De stelling dat de Wet AVV zich verzet tegen het vorderen van schadevergoeding door SNCU voor haarzelf, faalt. Ten eerste is zoals ook het Hof Den Haag in zijn arrest van 26 februari 2013 heeft overwogen, SNCU geen ‘derde’ bij de cao aangezien zij is opgericht door de bij de cao betrokken partijen en haar bevoegdheden heeft verkregen op grond van de cao, middels delegatie en/of volmacht door deze partijen. Ten tweede faalt deze bestrijding omdat in deze procedure dient te worden uitgegaan van de rechtmatigheid van het besluit van de minister van Sociale Zaken en Werkgelegenheid van 13/15 september 2005 tot algemeenverbindendverklaring van de cao.

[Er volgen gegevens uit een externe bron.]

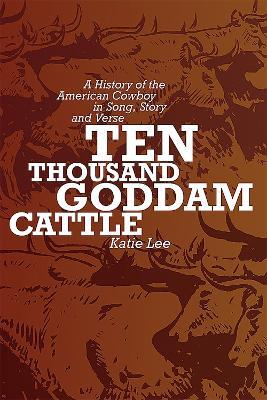 Ten Thousand Goddam Cattle: A History of the American Cowboy in Song, Story, and Verse - Katie Lee - cover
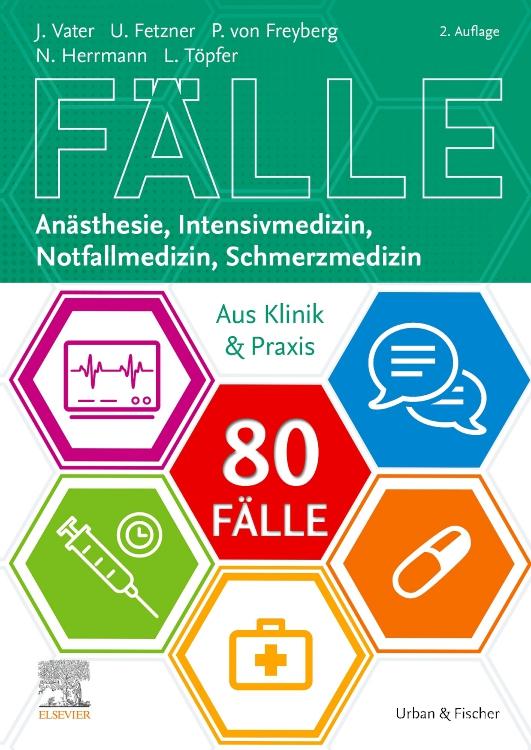 80 Fälle Anästhesie, Intensivmedizin, Notfallmedizin, Schmerzmedizin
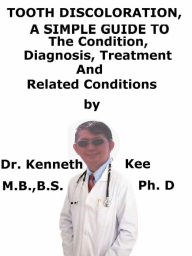 Title: Tooth Discoloration, A Simple Guide To The Condition, Diagnosis, Treatment And Related Conditions, Author: Kenneth Kee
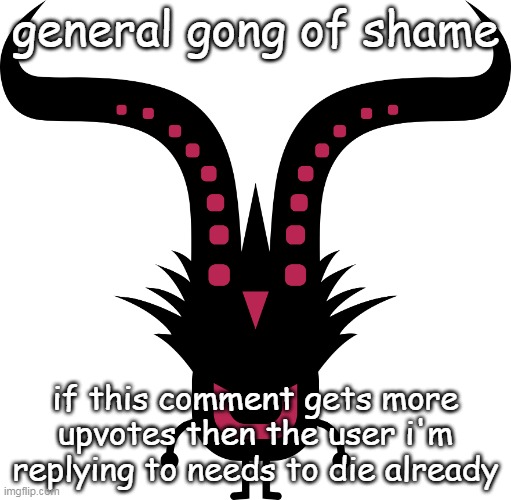 UNGONG | general gong of shame if this comment gets more upvotes then the user i'm replying to needs to die already | image tagged in ungong | made w/ Imgflip meme maker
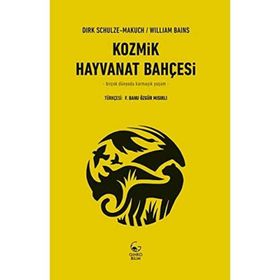Kozmik Hayvanat Bahçesi - William Bains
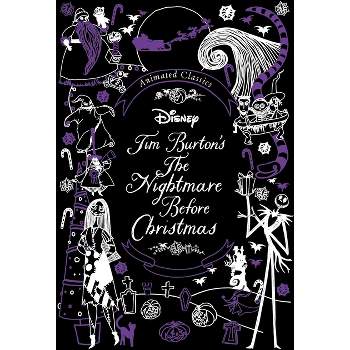 Disney Animated Classics: Tim Burton's the Nightmare Before Christmas - (Hardcover)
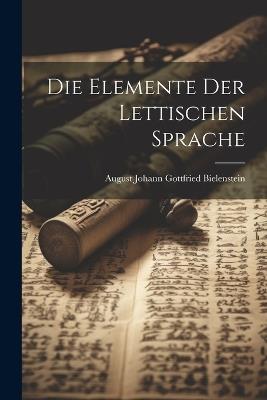 Die Elemente Der Lettischen Sprache - August Johann Gottfried Bielenstein - cover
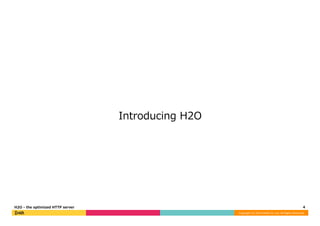 Copyright 
(C) 
2014 
DeNA 
Co.,Ltd. 
All 
Rights 
Reserved. 
Introducing H2O 
H2O -‐‑‒ the optimized HTTP server4 
 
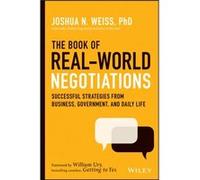 The Book of RealWorld Negotiations by Joshua N. George Mason University Weiss Joshua N. Weiss (Auteur)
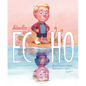 Echo - Hardcover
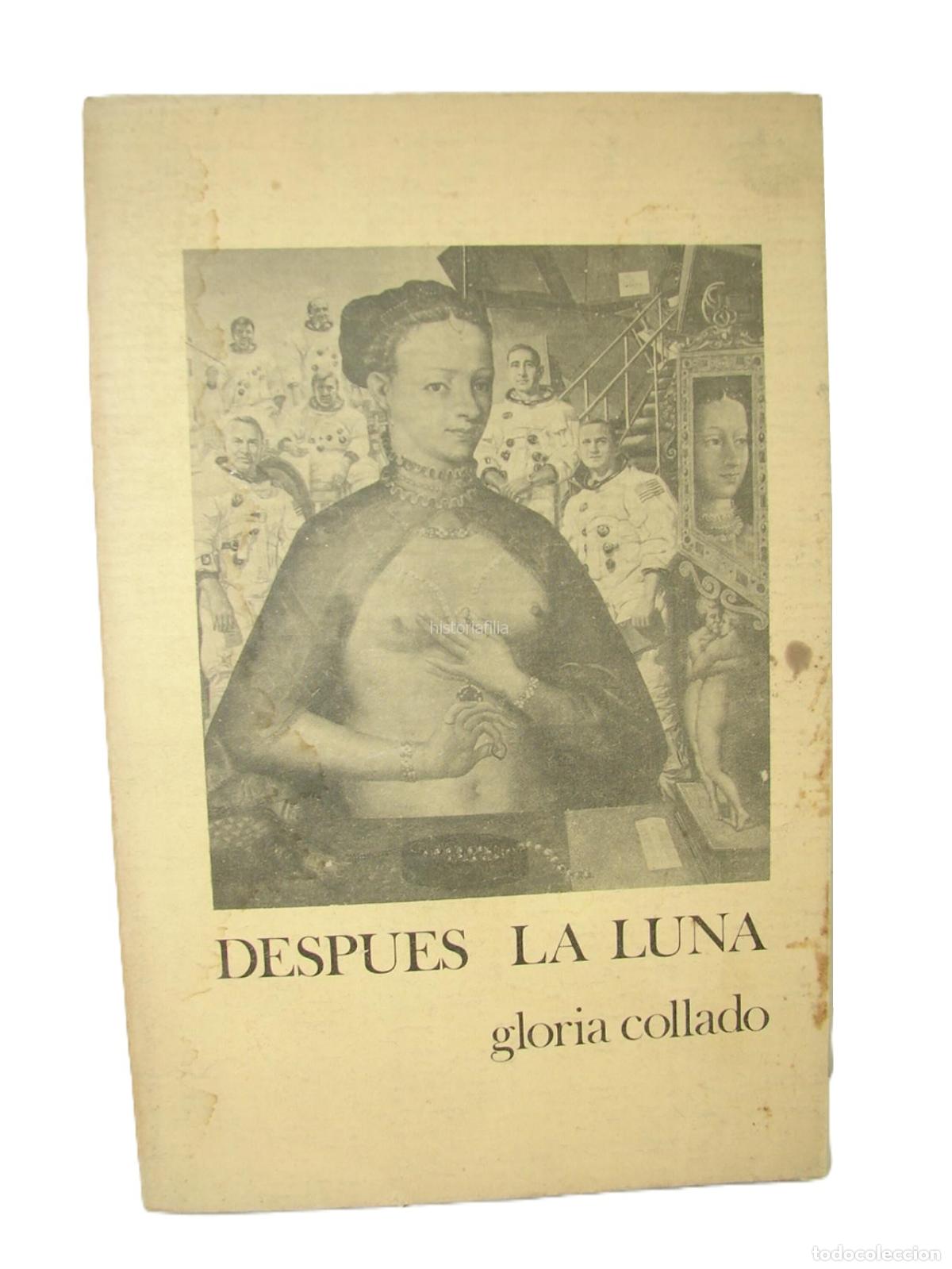 Libros: Despues La Luna, 1987, Gloria Collado, 1ra Ed, Raro. Psia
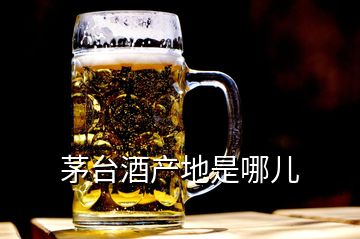 茅臺酒產地是哪兒
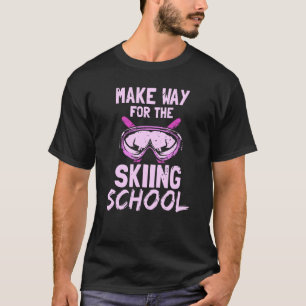 Make Way For The Skiing School Ski Hobby Winter Sk T-Shirt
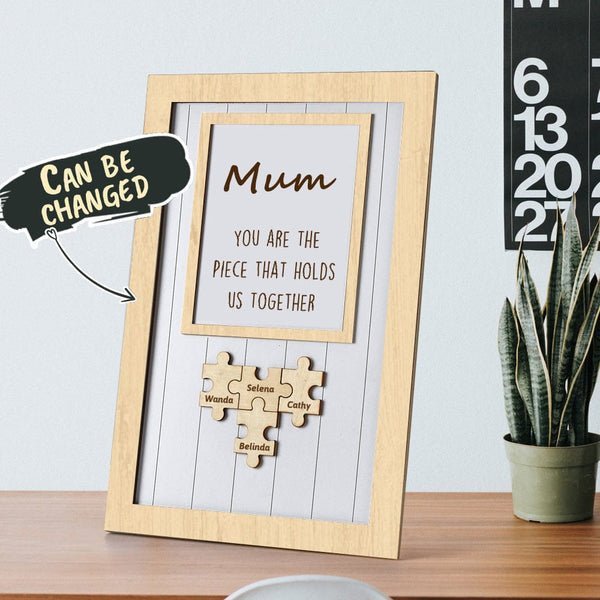 Mother's Day Puzzle Plaque Gifts for Mom You Are The Piece That Holds Us Together 3-6 Puzzle Pieces - Oneonlycustom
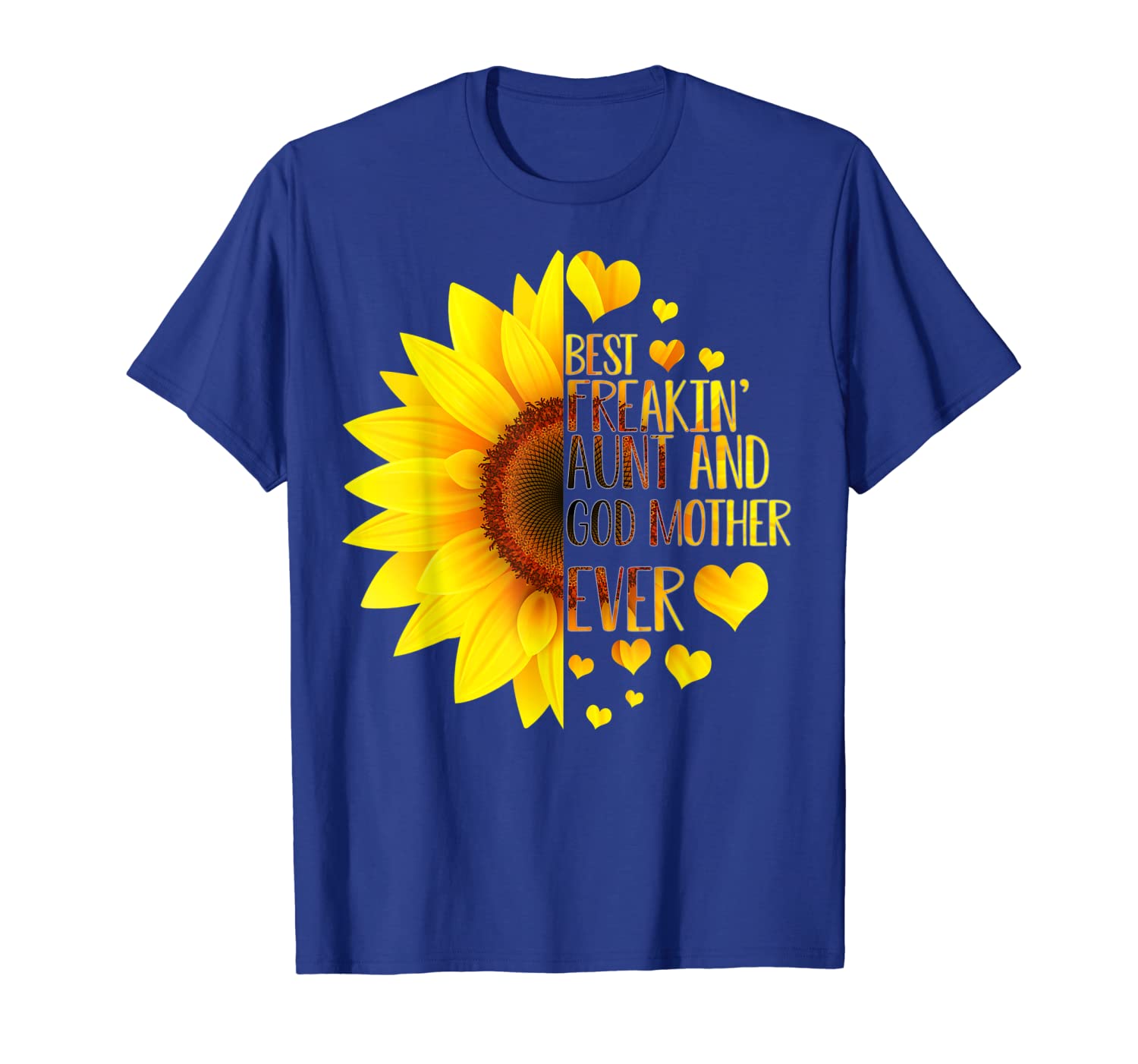 

Best Freakin' Aunt Godmother Ever Sunflower T-Shirt, White;black
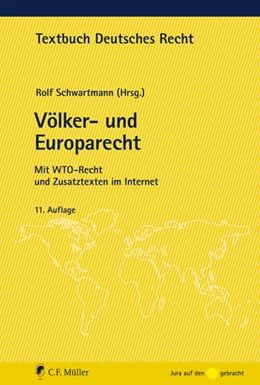 Abbildung von Schwartmann | Völker- und Europarecht | 11. Auflage | 2018 | beck-shop.de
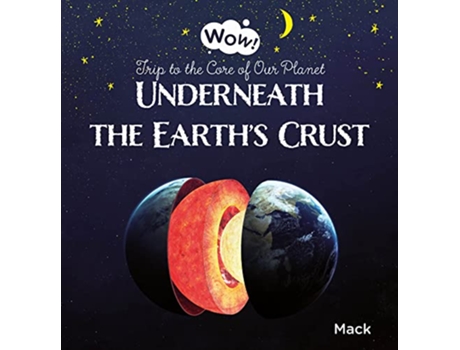 Livro Underneath the Earths Crust. Trip to the Core of Our Planet de Mack Van Gageldonk (Inglês - Capa Dura)
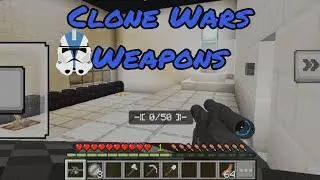 Addon/Mod Clone Wars Weapons Minecraft Bedrock/PE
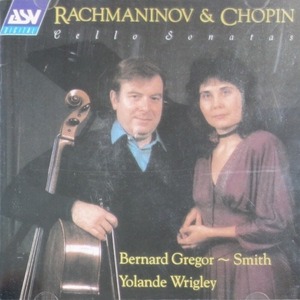 [중고] Bernard Gregor-Smith, Yolande Wrigley / Rachmaninov &amp; Chopin : Cello Sonatas (skcdl0422)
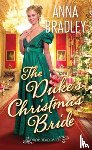 Bradley, Anna - The Duke's Christmas Bride
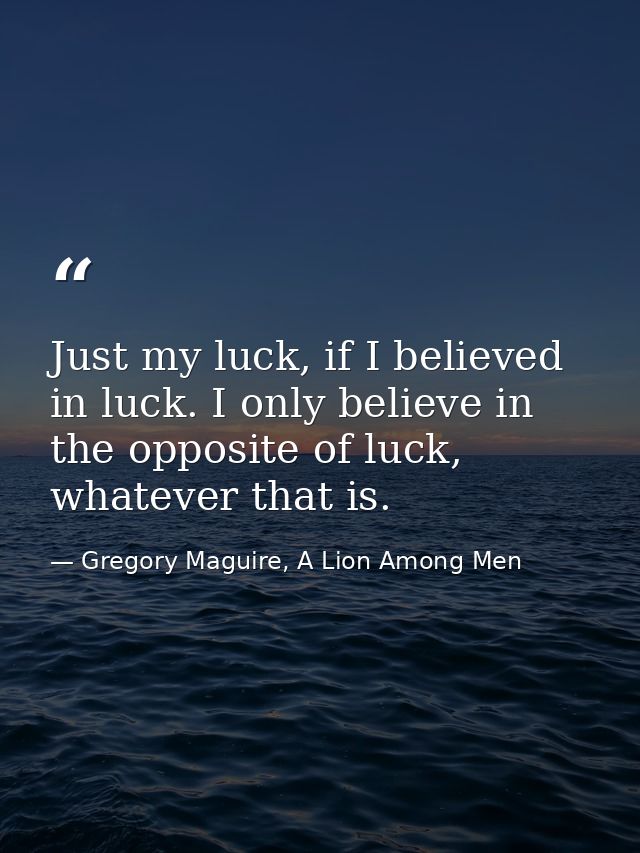Just my luck, if I believed in luck. I only believe in the opposite of luck, whatever that is. — Gregory Maguire, A Lion Among Men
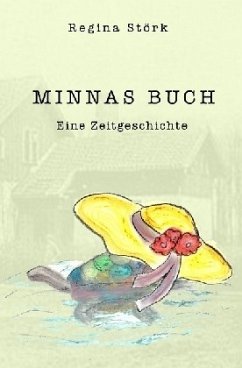 Minnas Buch - eine Zeitgeschichte - Störk, Regina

De kantonrechter heeft de vorderingen van SNCU uiteindelijk afgewezen op grond van ‘algemene beginselen van behoorlijk toezicht’ (waarmee hij kennelijk de in het verband van dit toezicht te hanteren normen van tijdigheid en zorgvuldigheid bedoelt) afgewezen. Het hof komt tot een ander oordeel en laat in het midden of ‘algemene beginselen van behoorlijk toezicht’ wel of niet rechtstreeks op SNCU van toepassing zijn.